• _Exercise prompt_: Show every line in the entries below where the word "Premium" appears.

• _Extracted records_:

"""

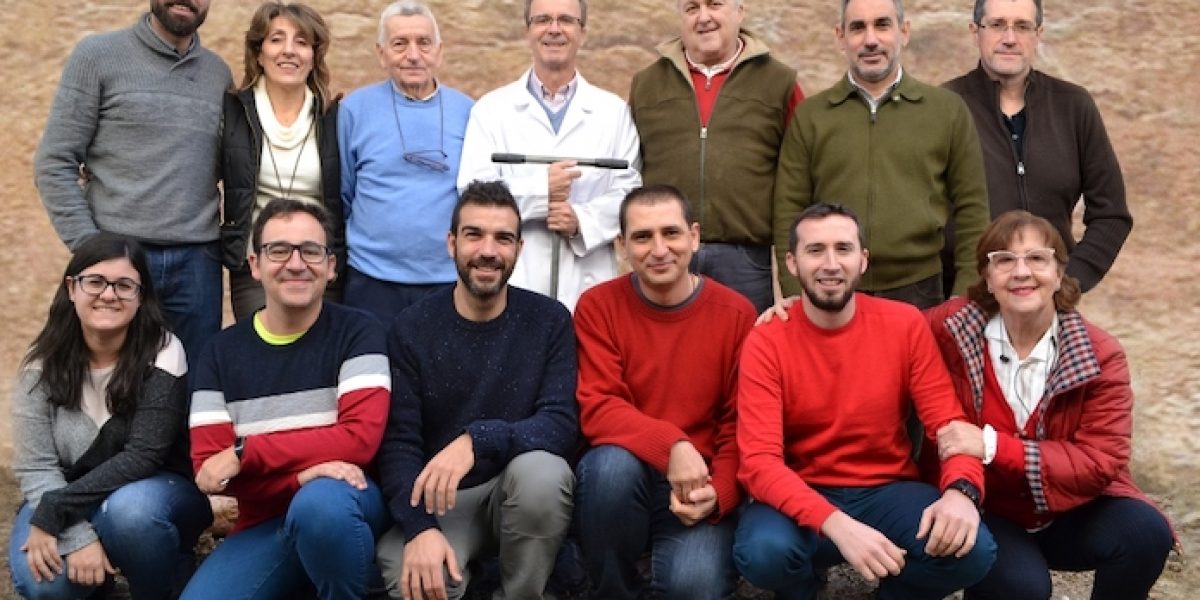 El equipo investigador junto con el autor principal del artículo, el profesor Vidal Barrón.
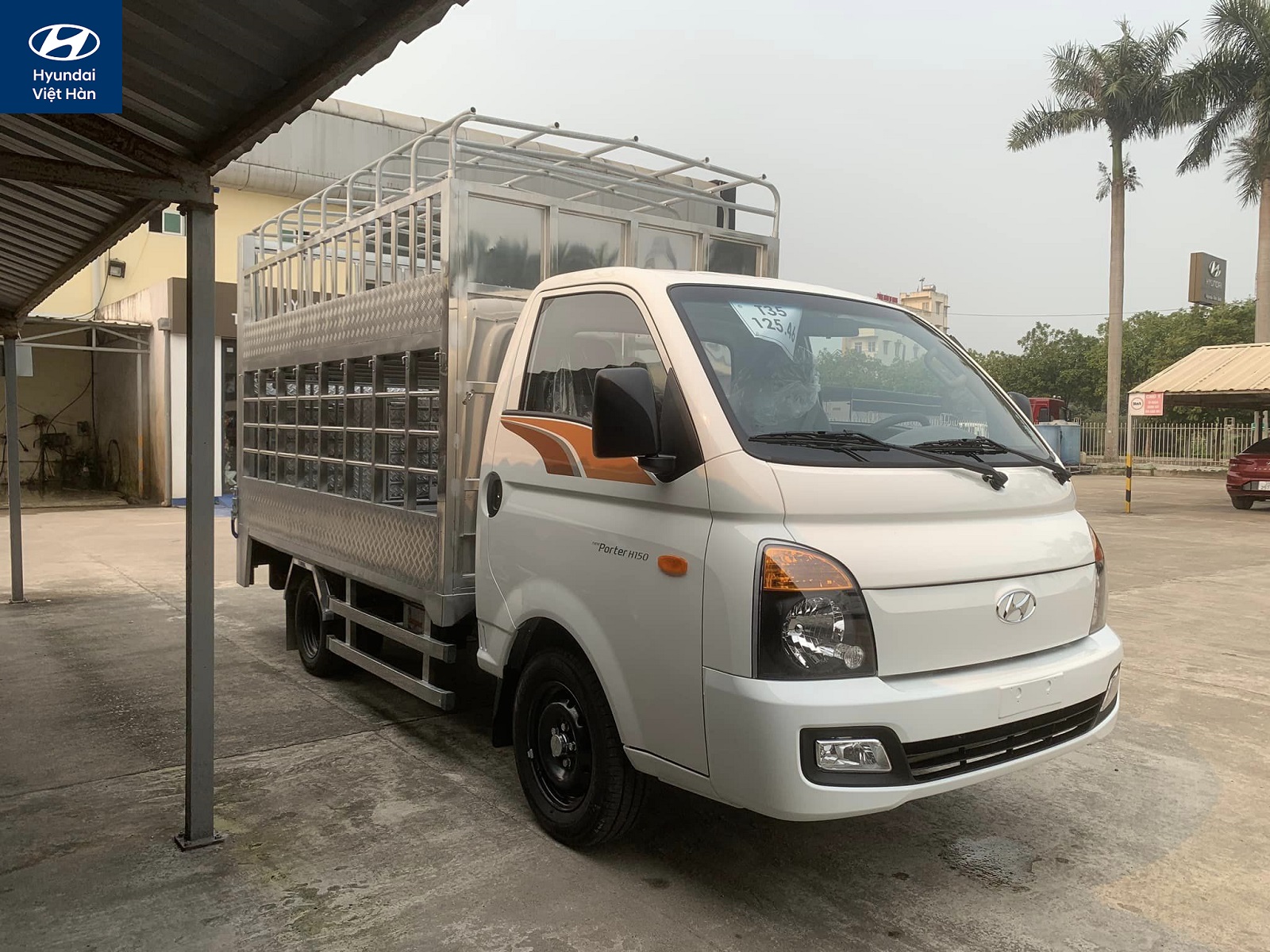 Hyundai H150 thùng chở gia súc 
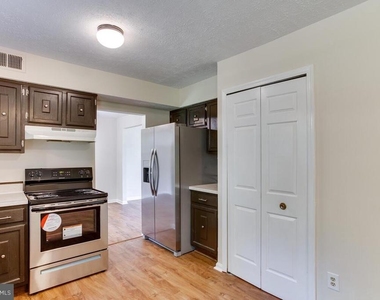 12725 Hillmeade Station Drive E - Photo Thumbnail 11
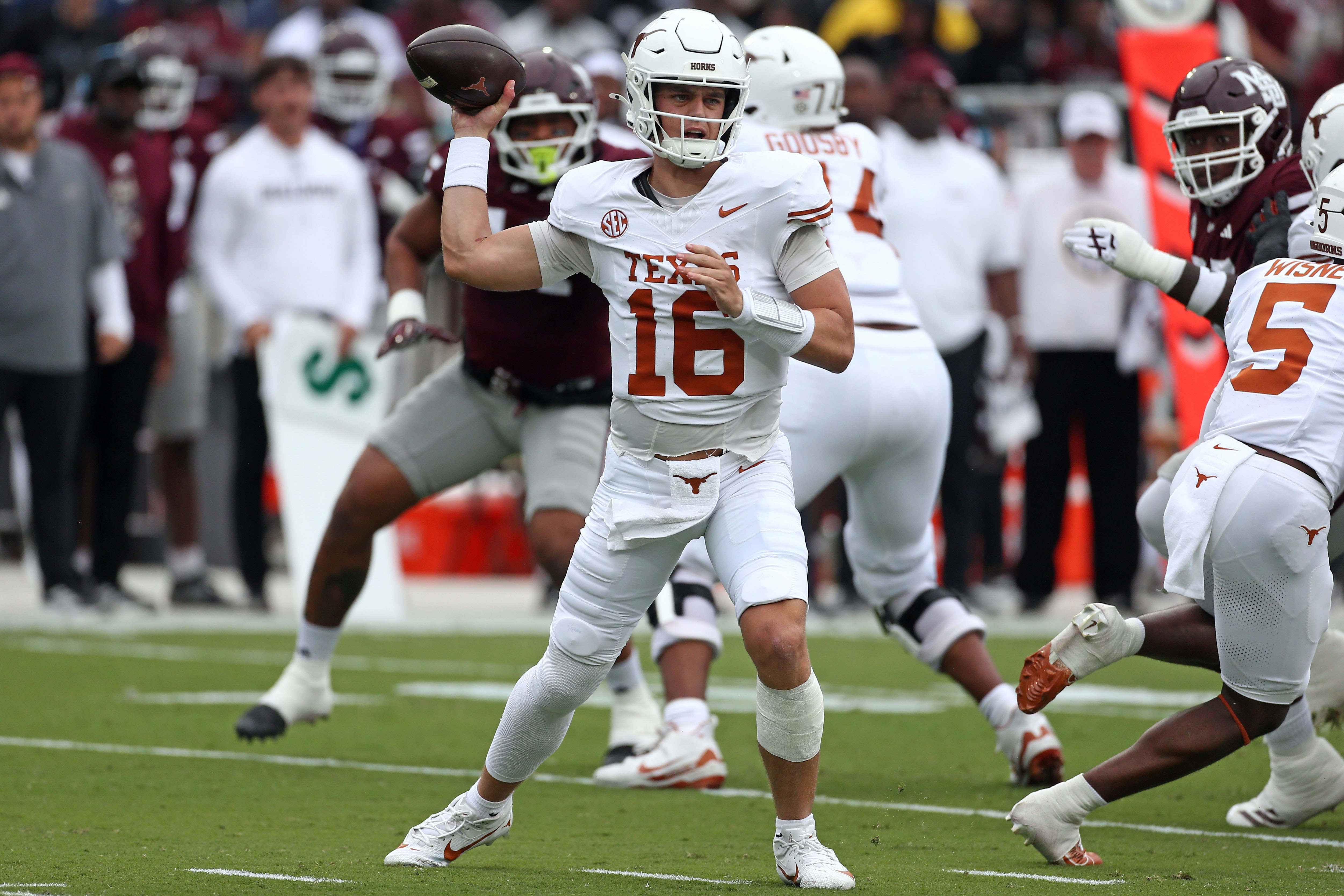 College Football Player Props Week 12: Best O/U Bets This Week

"""
"""

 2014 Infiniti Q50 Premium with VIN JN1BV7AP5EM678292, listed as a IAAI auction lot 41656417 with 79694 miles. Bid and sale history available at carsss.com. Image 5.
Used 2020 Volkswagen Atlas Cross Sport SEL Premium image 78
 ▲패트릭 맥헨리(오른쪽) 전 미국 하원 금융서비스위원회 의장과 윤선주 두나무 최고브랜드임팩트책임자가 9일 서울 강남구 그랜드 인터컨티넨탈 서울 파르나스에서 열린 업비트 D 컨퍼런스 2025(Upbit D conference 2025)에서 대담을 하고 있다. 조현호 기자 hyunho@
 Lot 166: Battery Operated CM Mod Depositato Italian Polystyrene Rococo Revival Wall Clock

"""

• _Answer to this problem_:
 2014 Infiniti Q50 Premium with VIN JN1BV7AP5EM678292, listed as a IAAI auction lot 41656417 with 79694 miles. Bid and sale history available at carsss.com. Image 5.
Used 2020 Volkswagen Atlas Cross Sport SEL Premium image 78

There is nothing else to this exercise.